We need to adjust the length of days and seconds but we can get rid of it completely if we wanted to.
It's not like noon means the maximum of the suns arc or sunset and sunrise don't already shift throughout the year.
The only thing that stops it is the momentum of a human measurement error.
If we use 366 we just get slightly shorter days by about 3 minutes. All of these time measurements are more arbitrary than feet and inches. Science back filled the bullshit with physical constants and there is no reason we cannot tie a proper system into alternative physics constants.
A year is a rotation of seasons. It has nothing to do with the day-night cycle. That should absolutely be separate.
And the 365.2422 isn't a math error. It's a mathematic ratio, rotation around the sun / rotation around itself. and it should absolutely be upheld.

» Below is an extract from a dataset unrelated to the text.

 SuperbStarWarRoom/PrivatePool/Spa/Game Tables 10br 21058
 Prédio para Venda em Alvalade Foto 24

The mathematical error os not basing our time counting on that ratio. The number is only 365.2422 because our second, hours, days are too long/short.

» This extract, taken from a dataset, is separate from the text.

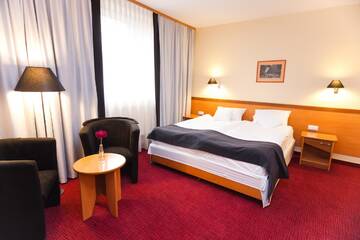 Фото номера Четырехместный номер Отель Hotel Malinowski Business г. Гливице 3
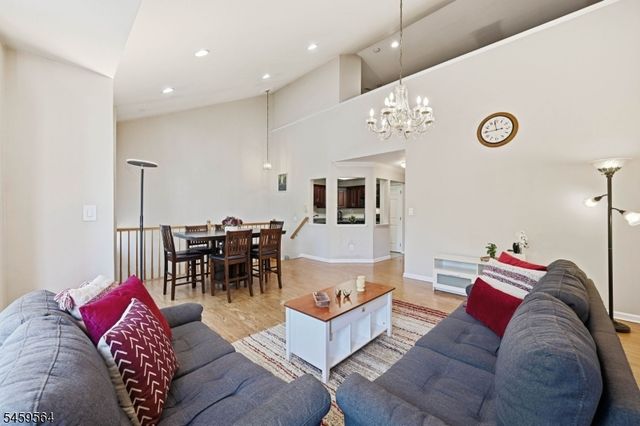 347 Winthrop Dr, Nutley Twp., NJ 07110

We can just decide we want one rotation to be exactly 366 units and then work backwards from there to determine new units.
So you'd support a "day" unit of time that has no relation with the times the sun is rising and setting?
if your "day" is exactly a 365th or 366th of a year, you'll have to work with with the fact a specific hour like 12PM would gradually deviate to be any time from sun's zenith to the middle of the night.
Days are defined by a different natural cycle, that of the earth's rotation around its axis. That happens 365.2422 times every time we go around the sun. You can't just assign the length of a day to something more convenient
A day is defined as a single rotation around earths axis. A year is a single rotation around the sun. The 356.2422 is the result of those two definitions. Earth takes 356.2422 rotations around its axis to rotate around the sun. That is a fact. You could define a unit to be 366th of a rotation around the sun, you could even call it a day, but as a result you lose the reason a day is a useful unit: It's the time it takes for earth to spin around its axis, a far more useful definition than 366th of a year.
I propose we make the calender a nice round 360 days, then have a roughly 5-6 day holiday for new New year around the spring equinox.